If you thought 2013 was just about Google throwing it's fiscal weight around, you'd be wrong. There was enough crazy new tech and ideas to remind us exactly why we love Google, and Glass was just the beginning.
While Glass is still far from a commercially ready product, Google started looking at even madder schemes such as the aptly named Project Loon.
The idea? Big G puts internet-giving balloons into the stratospheres of developing nations, to create a new connected infrastructure. At 60,000 feet Google says they can match today's current 3G network, and before you ask, no they don't need cables to attach themselves to the ground.
The lows
Google + comments on YouTube backlash
Google hasn't been afraid of causing controversy amongst its own users in 2013, and the changes to YouTube's comments have threatened to cause the biggest rift.
In November 2013, Google made it mandatory to sign in with Google+ to leave comments on YouTube. Be it a desire to clean up its service's notorious comment threads, boost metrics on its laggard social network or just make your data that little more saleable, user backlash was swift and unequivocal.
Even YouTube founder Jawed Karim – who earned $69m from selling out to Google – took to the site to complain.
What's the point of the Moto X?
If one of Google's success stories was its excellent Nexus 5, then one has to ask, what's the point of Motorola?
Google's new hardware arm has managed two phones this year, the flagship Moto X which hasn't yet left US shores, and the budget Moto G. Both received plaudits in our reviews, but they're distinctly average handsets, and they're being shown up by other Google-backed devices.
That cheap Nestle tie-in
Google's partnership with Nestle for the naming of Android 4.4 KitKat took everyone by surprise, and while both companies have repeatedly argued that no money has been exchanged, it's not a highlight in Google's year.
Google's adoption of the KitKat moniker may have been "fun and unexpected" as John Lagerling told the BBC but not high on the corporate responsibility list.
Speaking of corporate responsibility...
As said, corporate responsibility hasn't been high on Google's agenda in 2013, and headlines about the amount of UK tax it pays have refused to die down.
Out of the £506m raked in by Google's UK division in 2012, the company managed to get away with paying just £11.6m in tax, with some clever loopholes that cost the UK government an estimated £150m.
Privacy fail + PRISM fail
It's not just advertisers that Google's been giving your data to this year, and the NSA's PRISM scandal, outed by the Snowden leaks back in May 2013.
The information leaked to The Guardian and the New York Times showed that the big tech companies, including Apple, Facebook, Microsoft and Google, had a system that allowed the NSA access to private and encrypted information.

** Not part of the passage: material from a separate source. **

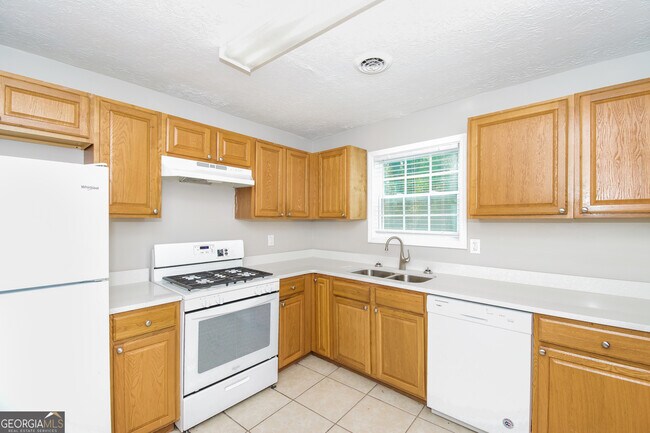 Building Photo - 2215 Fairway Cir SW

The revelations were bad news for Google, which had already been the target of privacy campaigners over Wi-Fi information it captured while recording Google Streetview in Germany, and it was ordered to pay $22.5m by US courts after circumventing Do Not Track controls in Safari.
"Oh my god, they killed Google Reader"
While Google made some people mad in 2013, it made many sad when it culled Google Reader back in July 2013.
The RSS feed reader had been a customer favourite, and was one of the few free tools for helping people sift through their favourite news services.
The company said that ""while the product has a loyal following, over the years usage has declined" which was a bitter pill to swallow for dedicated users, and over 150,000 were moved to sign a petition to keep it open.
Samsung is the only OEM that matters
The final blot on Google's yearbook is its failure to get more OEM's performing in the Android space.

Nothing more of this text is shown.